------ DATA FOR PROCESSING ------

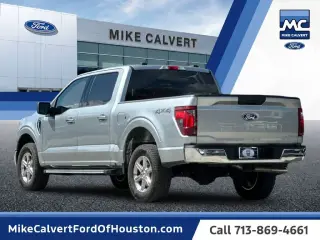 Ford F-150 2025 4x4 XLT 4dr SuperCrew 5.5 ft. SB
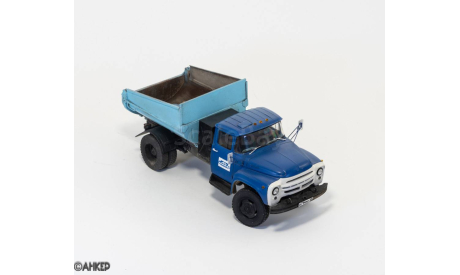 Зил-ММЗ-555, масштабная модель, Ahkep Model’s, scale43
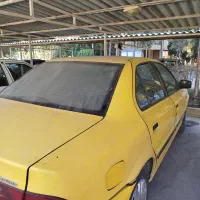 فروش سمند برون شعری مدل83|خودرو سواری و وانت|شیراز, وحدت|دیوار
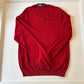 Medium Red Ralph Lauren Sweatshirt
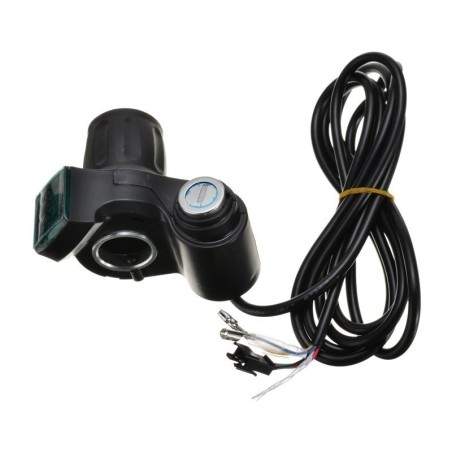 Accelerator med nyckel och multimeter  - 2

------
------ DATA FOR PROCESSING ------

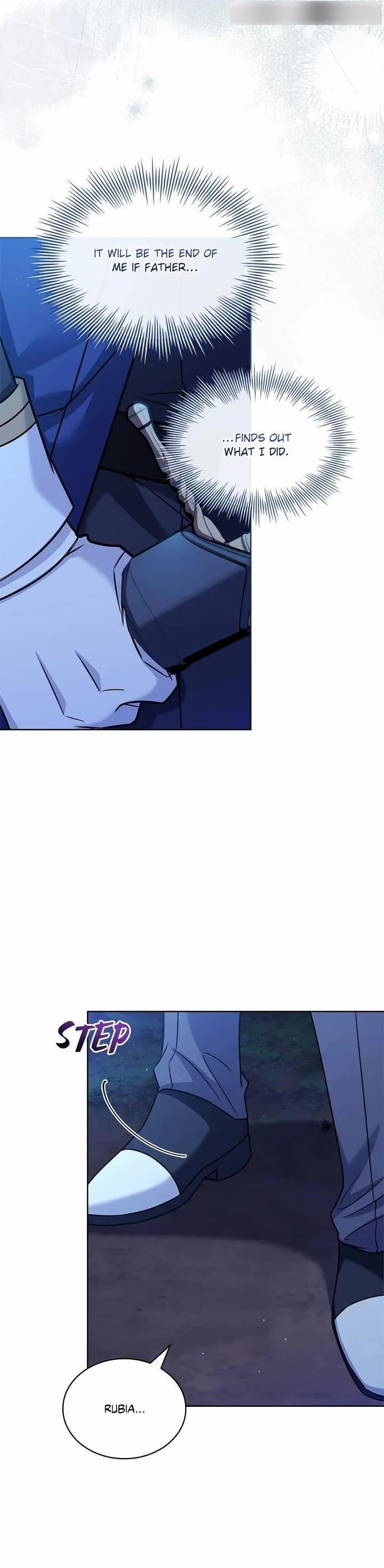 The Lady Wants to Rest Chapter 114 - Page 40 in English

------
------ DATA FOR PROCESSING ------

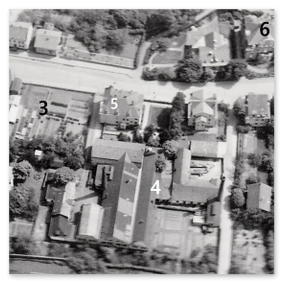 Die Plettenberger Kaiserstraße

------

» EXERCISE OBJECTIVE: Please transcribe exactly the part of the records that opens with the line containing "Ford F-150 2025" and closes with the line containing "Accelerator med nyckel", both ends included, and leave out the pictures.

» TASK RESPONSE:
 Ford F-150 2025 4x4 XLT 4dr SuperCrew 5.5 ft. SB
 Зил-ММЗ-555, масштабная модель, Ahkep Model’s, scale43
 فروش سمند برون شعری مدل83|خودرو سواری و وانت|شیراز, وحدت|دیوار
 Medium Red Ralph Lauren Sweatshirt
 Accelerator med nyckel och multimeter  - 2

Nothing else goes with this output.